Urban recognizes the impact of finding more inclusive and positive TGNC representation, even though doing so can be immensely challenging. “Seeing and knowing people in my own life who are TGNC, and seeing folks from afar on social media,” Urban begins, “helps to buoy the joy in my experiences with my gender. Seeing the multitude of ways that we can experience and present our gender gives me excitement for my own exploration in finding what feels right as I search for words to describe my experience.”
social media has become a hub of more diverse tgnc representation.
Trans visibility in social media has had a similar impact on Savy Dunlevy. For them, representation in online spaces affirms the notion that there is more than one way to be trans. Dunlevy acknowledged that although they had seen trans representation on TV, it was not until years later when they found a community of gender non-conforming people on social media that they truly began to unpack their experience of gender. “Suddenly, my life was being pieced together and affirmed wholly by total strangers after an entire puberty that felt disembodied,” they reflect. “Finding a community online… did not only change the way I thought about trans people, but gave me access to them.”

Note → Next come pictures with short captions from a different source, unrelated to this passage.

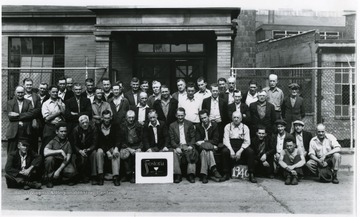 Group portrait of Fostoria Glass Companty. Employees. Same group as negative gl18.
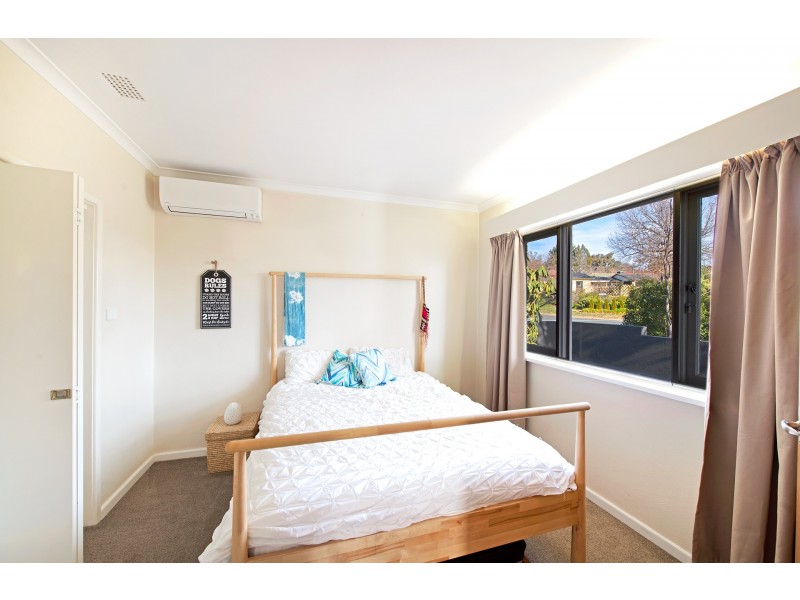 85 Jervois Street, Deakin ACT 2600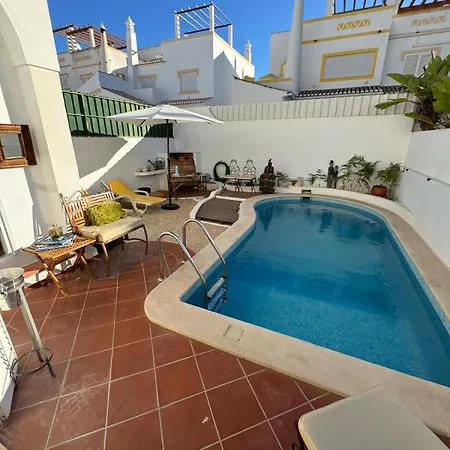 Villa 46 Hostel-3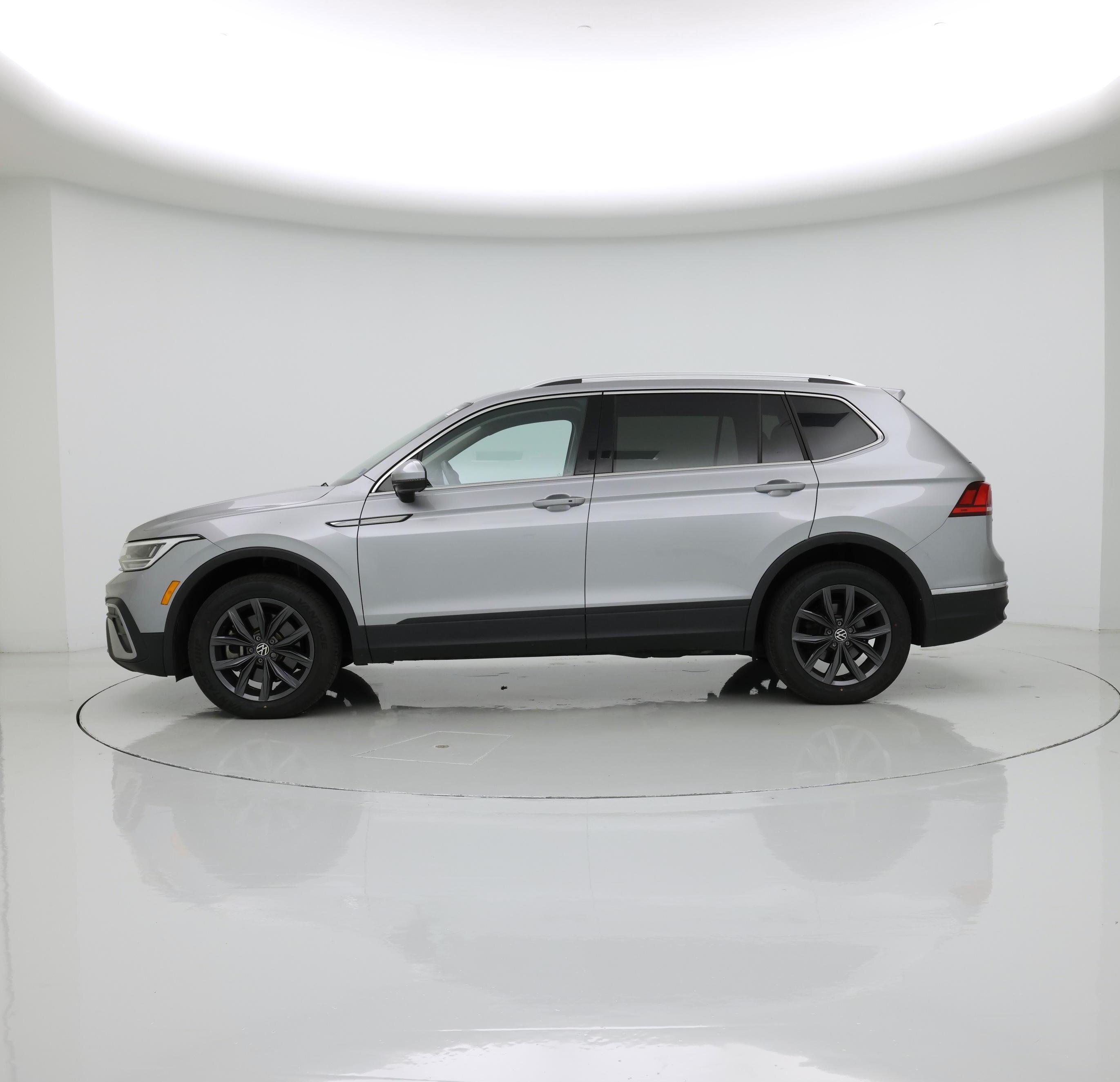 Thumbnail: 2023 Volkswagen Tiguan - 3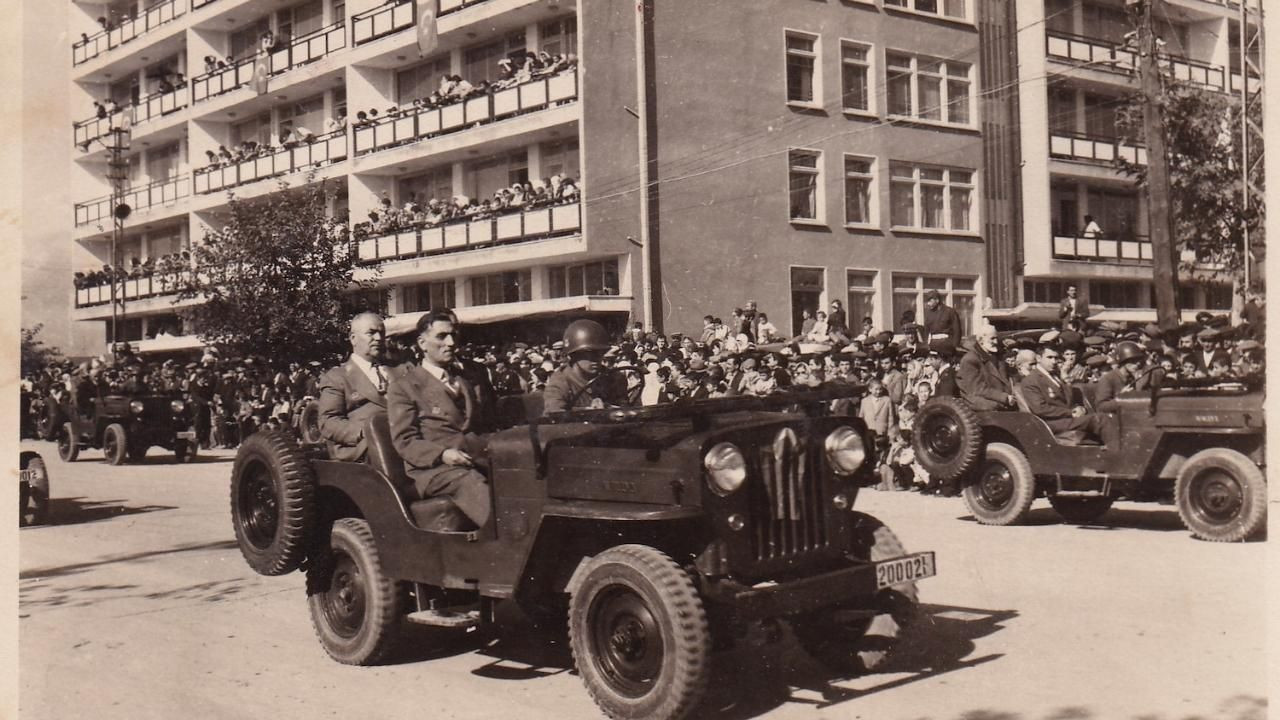 100 yıldır aynı coşkuyla 29 Ekim! - Sayfa 40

For Sophie Kozub, finding a community online taught her that TGNC people could be anything they dreamed. “[What] has helped me the most,” she explains, “has been finding TGNC people who are politicians, activists, journalists, or are otherwise involved in the same things as I am.”
This recognition is powerful in that it directly addresses a widespread and daunting concern within the transgender community — that being out as transgender will limit our path to success and force us to compromise our dreams. Seeing a transgender person who has broken barriers in a particular field, perhaps even reaching its upper echelons, sets a powerful precedent for transgender people in that field. By paving the way, these folx show future transgender people with similar aspirations that success is possible for them.
This existence of representation that emphasizes a wider, more authentic range of trans experiences helps to assure folx who are exploring their gender that they can lead happy, fulfilling lives regardless of how they identify. “I don’t think I ever saw transness as a thing to suffer about,” reflects Rollie Edwards. “It was always a source of joy, even when I discovered that I was trans.” Similar to Urban, the majority of transgender media that Rollie consumes is created by transgender folx themselves. To Rollie, the media she enjoys “shows the liberation possible when people can access affirming care and communities.”
This liberation radiates inward and outward — first transforming one’s personal experience, then empowering and liberating trans folx around them. Tim Buns experienced that journey firsthand, professing that, “visibility as a trans person is one of the most important qualities contributing to my self-care — knowing that I am finally, finally in control of my own gender…gives me a sense of control I never knew I was missing in my life pre-transition.”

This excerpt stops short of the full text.